ACTION ITEM: Please set down only the lines below starting with the line with "What's happening, y'all?" and going on through the line with "Remember, clockwise to", verbatim and without pictures.

RECORDED INFORMATION:
- Opening Delimiter -
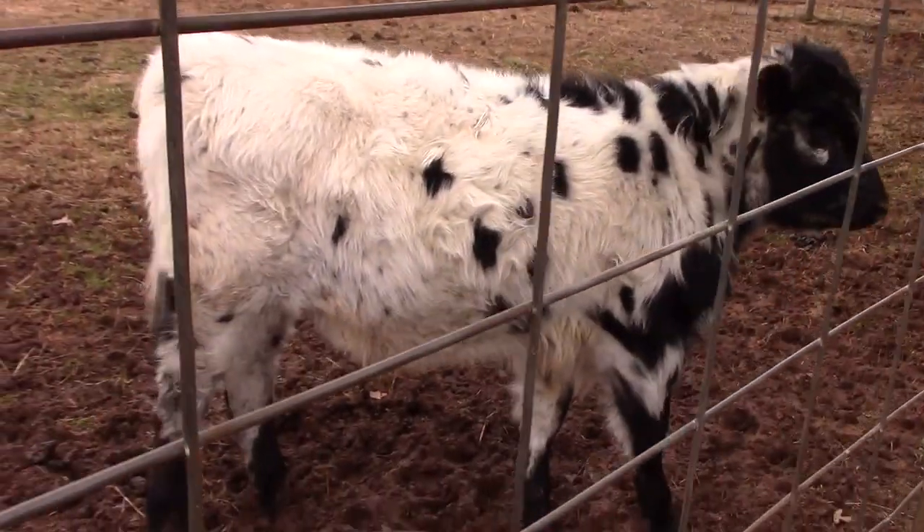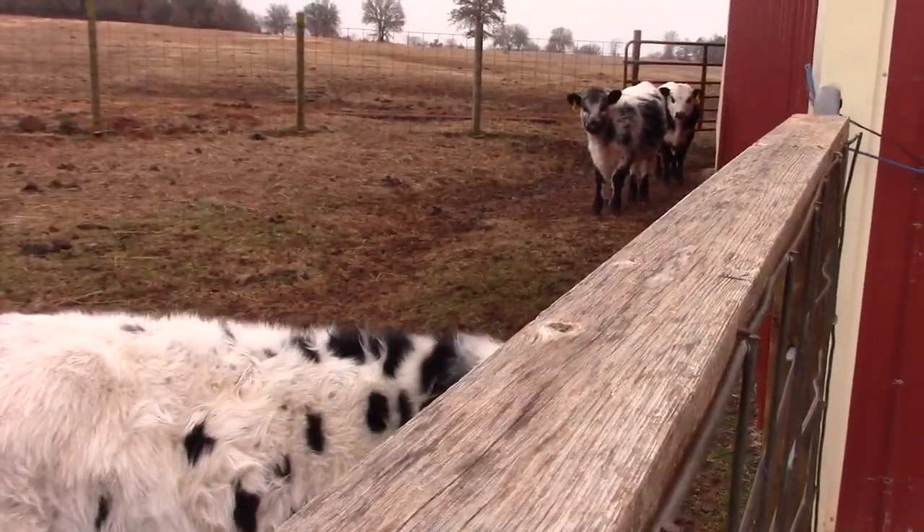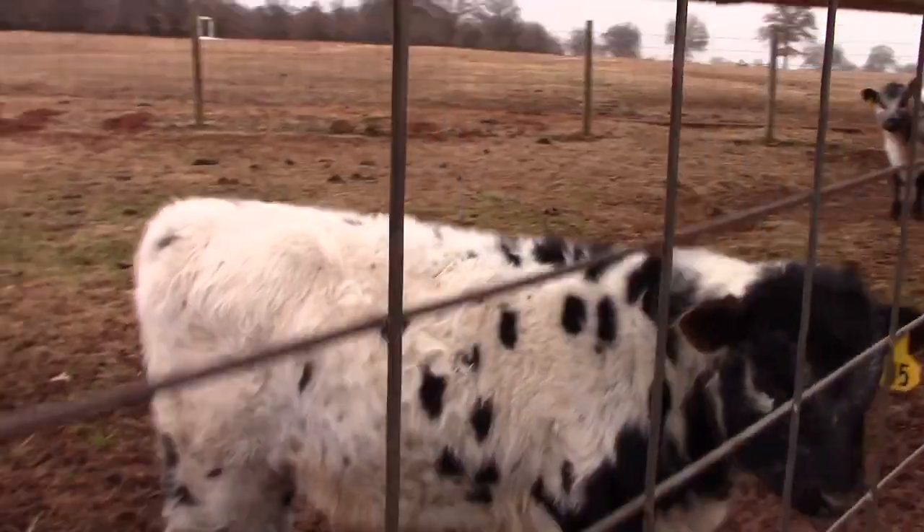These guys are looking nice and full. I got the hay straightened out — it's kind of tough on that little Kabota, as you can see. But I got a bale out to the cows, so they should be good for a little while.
- Closing Delimiter -
- Opening Delimiter -
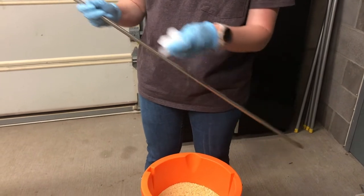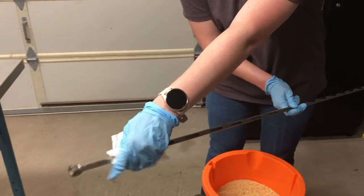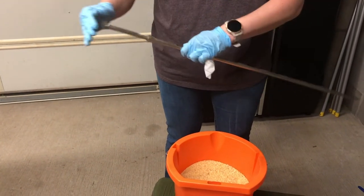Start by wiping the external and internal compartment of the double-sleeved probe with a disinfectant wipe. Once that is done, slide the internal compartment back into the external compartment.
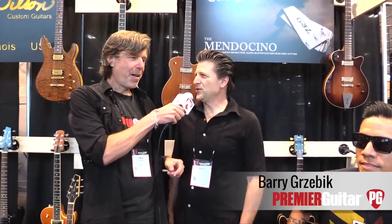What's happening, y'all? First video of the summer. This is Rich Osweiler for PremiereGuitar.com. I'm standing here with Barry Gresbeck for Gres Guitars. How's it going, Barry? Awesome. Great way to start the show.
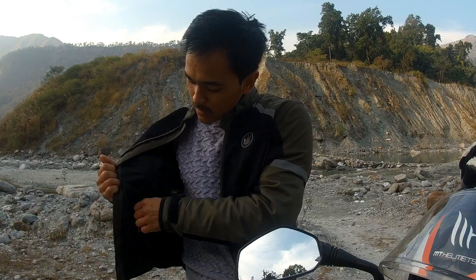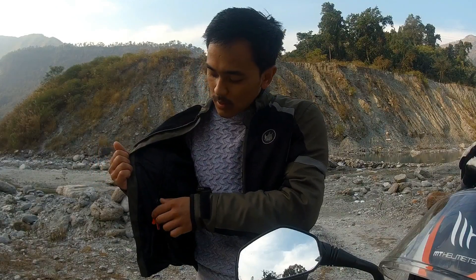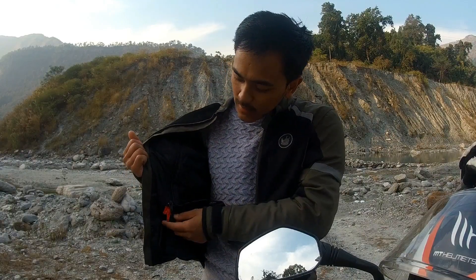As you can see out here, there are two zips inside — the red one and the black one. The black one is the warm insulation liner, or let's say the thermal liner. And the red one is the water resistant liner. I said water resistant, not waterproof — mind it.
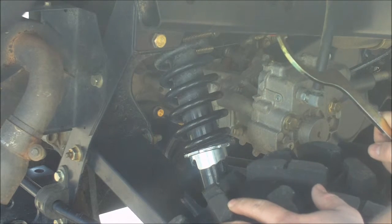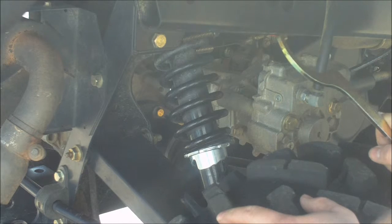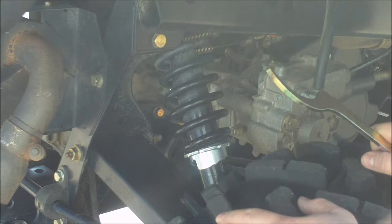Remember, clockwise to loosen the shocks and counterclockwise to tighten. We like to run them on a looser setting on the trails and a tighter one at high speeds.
- Closing Delimiter -
- Opening Delimiter -
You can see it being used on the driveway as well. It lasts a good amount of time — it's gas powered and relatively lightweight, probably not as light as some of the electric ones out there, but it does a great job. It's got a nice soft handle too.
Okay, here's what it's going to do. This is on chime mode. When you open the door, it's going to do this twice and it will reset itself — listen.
- Closing Delimiter -
EXPECTED OUTPUT:
What's happening, y'all? First video of the summer. This is Rich Osweiler for PremiereGuitar.com. I'm standing here with Barry Gresbeck for Gres Guitars. How's it going, Barry? Awesome. Great way to start the show.
As you can see out here, there are two zips inside — the red one and the black one. The black one is the warm insulation liner, or let's say the thermal liner. And the red one is the water resistant liner. I said water resistant, not waterproof — mind it.
Remember, clockwise to loosen the shocks and counterclockwise to tighten. We like to run them on a looser setting on the trails and a tighter one at high speeds.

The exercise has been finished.